There is no necessity to handwave, the body is still in process of destruction, maybe it was hit as Prime suggests so there are not one but few parts of it, let's say what was the core of that body, which by itself can be a core of something else.
Rings are formed by dust which was on top of it which is collected, or anything, before it was captured etc.
So all that, it is not even a handwavium, but just a possibility, rest is pretty much as per Prime answer.
Also, as a note, rich bands give you nothing, really. It is not like you can stop, take a funnel and catch it all, if the ships you are using do depend on orbital mechanics and have limits of delta-v, which for a cargo ship aka miner will always be a limiting factor aka problem, no matter how big the number is.
For different bands, a spot - it just not possible, as each band rotates with a different period and by that mixing stuff up(kinda), not even talking about other processes happening in the ring.

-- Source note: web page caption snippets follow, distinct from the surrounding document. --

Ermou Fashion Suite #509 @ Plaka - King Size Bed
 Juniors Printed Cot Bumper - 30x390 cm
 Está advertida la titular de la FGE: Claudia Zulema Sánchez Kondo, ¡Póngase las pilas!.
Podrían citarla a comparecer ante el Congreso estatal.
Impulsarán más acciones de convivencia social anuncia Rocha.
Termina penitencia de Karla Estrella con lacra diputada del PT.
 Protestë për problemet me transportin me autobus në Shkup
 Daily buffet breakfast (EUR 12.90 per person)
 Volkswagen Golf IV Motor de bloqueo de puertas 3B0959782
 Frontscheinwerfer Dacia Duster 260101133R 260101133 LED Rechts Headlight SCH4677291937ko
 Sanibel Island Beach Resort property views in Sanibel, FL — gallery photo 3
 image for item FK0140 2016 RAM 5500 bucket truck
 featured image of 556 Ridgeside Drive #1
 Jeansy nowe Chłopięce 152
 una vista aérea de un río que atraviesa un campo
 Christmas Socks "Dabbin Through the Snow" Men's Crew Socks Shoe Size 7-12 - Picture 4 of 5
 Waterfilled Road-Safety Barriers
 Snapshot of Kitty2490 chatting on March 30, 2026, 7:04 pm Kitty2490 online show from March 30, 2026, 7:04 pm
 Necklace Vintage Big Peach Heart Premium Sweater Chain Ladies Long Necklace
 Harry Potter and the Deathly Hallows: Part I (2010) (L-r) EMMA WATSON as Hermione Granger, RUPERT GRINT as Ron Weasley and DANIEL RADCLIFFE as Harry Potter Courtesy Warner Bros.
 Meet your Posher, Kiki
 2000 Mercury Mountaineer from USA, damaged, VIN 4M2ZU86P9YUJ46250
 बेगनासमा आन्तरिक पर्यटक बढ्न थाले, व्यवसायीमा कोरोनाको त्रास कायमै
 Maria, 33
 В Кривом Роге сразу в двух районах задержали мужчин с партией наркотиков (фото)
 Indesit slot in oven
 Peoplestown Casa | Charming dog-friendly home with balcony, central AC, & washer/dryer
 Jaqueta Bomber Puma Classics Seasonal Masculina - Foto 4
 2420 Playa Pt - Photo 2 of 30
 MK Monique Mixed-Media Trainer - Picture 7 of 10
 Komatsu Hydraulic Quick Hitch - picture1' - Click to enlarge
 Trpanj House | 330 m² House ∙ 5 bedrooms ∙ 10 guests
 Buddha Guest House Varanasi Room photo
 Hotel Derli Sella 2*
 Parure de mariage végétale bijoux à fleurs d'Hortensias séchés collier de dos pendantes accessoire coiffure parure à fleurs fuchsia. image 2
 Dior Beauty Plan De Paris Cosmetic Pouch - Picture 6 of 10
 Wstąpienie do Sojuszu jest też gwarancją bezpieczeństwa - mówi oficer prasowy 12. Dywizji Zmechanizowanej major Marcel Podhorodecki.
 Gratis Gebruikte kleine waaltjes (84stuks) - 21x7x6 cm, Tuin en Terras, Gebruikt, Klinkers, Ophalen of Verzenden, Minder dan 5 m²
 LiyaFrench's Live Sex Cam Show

Moving from one point a band to another point of it, it's really a time-consuming process, I recomend KSP in that regard. Intercepting on trajectories from that planet to other potential places/planets is an option - not an easy one or super convenient but it is possible, especially empty ship catching up with loaded one - if done right guys have no chances if they do not dump cargo.
But if there are sweet spots, chunks - hide in them if you can't capture them permanently and have slave miners work for you there. Or better scam their money in a spaceport - clean and easy.